Memoirs

The Beginnings of ALCQ/ACQL: A Reminiscence

Kathy Mezei
Simon Fraser University

1 The inaugural meeting of ALCQ/ACQL was taking place at the University of Toronto’s Victoria College on 29 and 30 May 1974, as part of the Learned Societies’ annual gathering; as a fledging organization it was being organized jointly with more established associations: the Association of Canadian University Teachers of English, the Canadian Comparative Literature Association, and the Association of Canadian University Teachers of French. At that time I was an ABD doctoral student living in Vancouver, working on my dissertation on comparative English-Canadian and Québécois poets at Queen’s, and teaching Canadian Literature at UBC under a six-month contract, thanks to W.H. New’s kind support.

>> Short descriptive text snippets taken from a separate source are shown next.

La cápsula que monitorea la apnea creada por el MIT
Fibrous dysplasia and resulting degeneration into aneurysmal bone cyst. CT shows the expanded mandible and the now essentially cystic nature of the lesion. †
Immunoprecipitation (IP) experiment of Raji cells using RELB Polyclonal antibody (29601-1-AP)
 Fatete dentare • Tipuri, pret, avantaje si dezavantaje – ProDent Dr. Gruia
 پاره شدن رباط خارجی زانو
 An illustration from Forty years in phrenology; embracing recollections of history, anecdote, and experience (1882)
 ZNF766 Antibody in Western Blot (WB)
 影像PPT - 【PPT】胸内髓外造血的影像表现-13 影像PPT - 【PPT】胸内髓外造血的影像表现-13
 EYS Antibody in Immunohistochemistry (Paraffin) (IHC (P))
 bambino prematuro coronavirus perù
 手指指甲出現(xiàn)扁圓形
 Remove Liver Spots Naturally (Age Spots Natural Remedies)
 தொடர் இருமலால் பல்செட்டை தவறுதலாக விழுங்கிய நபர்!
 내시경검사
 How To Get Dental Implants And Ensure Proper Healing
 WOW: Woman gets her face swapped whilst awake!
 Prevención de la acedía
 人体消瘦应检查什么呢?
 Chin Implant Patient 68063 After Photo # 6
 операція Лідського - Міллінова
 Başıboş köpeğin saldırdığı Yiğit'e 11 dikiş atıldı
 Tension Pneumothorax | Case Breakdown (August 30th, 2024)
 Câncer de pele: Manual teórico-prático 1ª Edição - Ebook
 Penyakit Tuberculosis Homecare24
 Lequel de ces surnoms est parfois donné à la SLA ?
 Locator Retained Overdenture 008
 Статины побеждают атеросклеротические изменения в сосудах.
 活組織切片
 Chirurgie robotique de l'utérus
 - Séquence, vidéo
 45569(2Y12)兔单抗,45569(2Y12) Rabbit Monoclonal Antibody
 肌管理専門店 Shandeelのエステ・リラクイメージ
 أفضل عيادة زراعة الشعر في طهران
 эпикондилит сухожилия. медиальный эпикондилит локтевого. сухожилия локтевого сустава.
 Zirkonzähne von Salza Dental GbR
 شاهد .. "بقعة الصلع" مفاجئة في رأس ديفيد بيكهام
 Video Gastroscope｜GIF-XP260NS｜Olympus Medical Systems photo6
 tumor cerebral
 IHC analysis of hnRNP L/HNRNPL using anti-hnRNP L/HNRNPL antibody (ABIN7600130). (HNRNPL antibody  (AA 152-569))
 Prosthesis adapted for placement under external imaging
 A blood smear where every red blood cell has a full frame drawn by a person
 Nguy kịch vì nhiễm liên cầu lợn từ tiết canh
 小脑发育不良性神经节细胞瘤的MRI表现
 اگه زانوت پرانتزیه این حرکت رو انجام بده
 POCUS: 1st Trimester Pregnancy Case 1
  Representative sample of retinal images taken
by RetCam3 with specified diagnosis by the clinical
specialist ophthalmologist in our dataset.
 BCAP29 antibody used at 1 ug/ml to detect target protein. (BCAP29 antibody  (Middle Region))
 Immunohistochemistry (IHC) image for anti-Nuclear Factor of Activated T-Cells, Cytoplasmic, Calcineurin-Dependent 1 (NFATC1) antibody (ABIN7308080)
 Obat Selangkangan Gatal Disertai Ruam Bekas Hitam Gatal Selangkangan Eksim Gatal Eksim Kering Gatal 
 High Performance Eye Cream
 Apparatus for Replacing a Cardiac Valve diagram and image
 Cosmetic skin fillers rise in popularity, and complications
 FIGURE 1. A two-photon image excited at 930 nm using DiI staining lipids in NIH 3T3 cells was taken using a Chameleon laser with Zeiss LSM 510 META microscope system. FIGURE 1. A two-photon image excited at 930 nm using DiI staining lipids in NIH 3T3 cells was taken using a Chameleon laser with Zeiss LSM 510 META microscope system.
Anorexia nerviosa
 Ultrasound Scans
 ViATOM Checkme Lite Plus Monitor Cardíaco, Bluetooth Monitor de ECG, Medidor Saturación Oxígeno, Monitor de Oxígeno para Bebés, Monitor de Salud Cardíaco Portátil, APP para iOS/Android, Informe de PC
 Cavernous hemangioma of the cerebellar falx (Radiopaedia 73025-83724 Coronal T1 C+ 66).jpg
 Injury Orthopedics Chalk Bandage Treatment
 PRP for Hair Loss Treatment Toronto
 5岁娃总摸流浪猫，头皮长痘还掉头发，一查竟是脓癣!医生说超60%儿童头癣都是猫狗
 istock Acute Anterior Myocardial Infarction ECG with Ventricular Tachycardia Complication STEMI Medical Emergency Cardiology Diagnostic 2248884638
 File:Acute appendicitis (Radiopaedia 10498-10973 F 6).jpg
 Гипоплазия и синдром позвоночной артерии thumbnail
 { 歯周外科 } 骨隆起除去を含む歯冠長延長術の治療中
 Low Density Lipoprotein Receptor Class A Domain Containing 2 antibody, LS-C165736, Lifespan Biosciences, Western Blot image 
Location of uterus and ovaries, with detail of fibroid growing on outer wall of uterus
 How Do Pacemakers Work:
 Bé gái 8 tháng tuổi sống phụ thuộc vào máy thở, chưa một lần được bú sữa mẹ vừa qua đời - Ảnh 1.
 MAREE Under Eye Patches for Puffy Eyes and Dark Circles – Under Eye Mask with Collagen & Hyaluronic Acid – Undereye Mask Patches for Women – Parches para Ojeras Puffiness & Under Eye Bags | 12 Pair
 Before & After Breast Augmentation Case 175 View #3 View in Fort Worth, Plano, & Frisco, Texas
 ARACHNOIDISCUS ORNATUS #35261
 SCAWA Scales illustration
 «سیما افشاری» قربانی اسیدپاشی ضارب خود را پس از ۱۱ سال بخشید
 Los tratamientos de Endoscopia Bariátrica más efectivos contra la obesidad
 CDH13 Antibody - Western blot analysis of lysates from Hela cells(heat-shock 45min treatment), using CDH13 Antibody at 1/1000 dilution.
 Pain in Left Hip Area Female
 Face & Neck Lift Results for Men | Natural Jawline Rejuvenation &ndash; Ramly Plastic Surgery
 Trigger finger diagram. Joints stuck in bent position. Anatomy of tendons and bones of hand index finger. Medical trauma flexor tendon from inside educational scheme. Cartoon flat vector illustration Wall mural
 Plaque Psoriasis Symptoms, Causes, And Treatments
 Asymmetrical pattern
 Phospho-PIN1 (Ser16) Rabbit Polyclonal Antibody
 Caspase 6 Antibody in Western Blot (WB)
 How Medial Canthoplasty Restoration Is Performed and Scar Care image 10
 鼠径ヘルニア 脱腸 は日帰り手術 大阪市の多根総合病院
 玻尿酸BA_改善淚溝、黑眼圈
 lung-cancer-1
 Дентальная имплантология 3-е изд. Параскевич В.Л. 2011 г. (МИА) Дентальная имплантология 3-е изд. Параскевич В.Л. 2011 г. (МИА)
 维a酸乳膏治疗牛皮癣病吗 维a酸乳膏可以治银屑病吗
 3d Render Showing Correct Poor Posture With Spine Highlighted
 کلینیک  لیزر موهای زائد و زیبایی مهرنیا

2 Off I went to Toronto to give my first academic paper, “Dream Landscapes in Archibald Lampman and Emile Nelligan” (Figure 1). Since there were only a few Canadianists working in comparative Canadian literature, focusing on English-Canadian and Quebec literatures, it was a significant occasion. Only the Comparative Canadian Literature programme at the University of Sherbrooke, created by D.G. Jones and Ronald Sutherland, was then addressing this new field. Two brilliant scholars, Pierre Nepveu and the late Barbara Godard, were in my session, and this is how we became lifelong colleagues and friends. As Sandra Djwa explains here in her history of ALCQ/ACQL, Barbara was instrumental in organizing the Quebec participants. Barbara remained an active participant in and supporter of the Association throughout her life; she also kept urging us to deposit its papers and records in the National Archives of Canada. Pierre’s paper, comparing Leonard Cohen and Gaston Miron, portended his award-winning monumental 2012 biography, Gaston Miron: la vie d’un homme.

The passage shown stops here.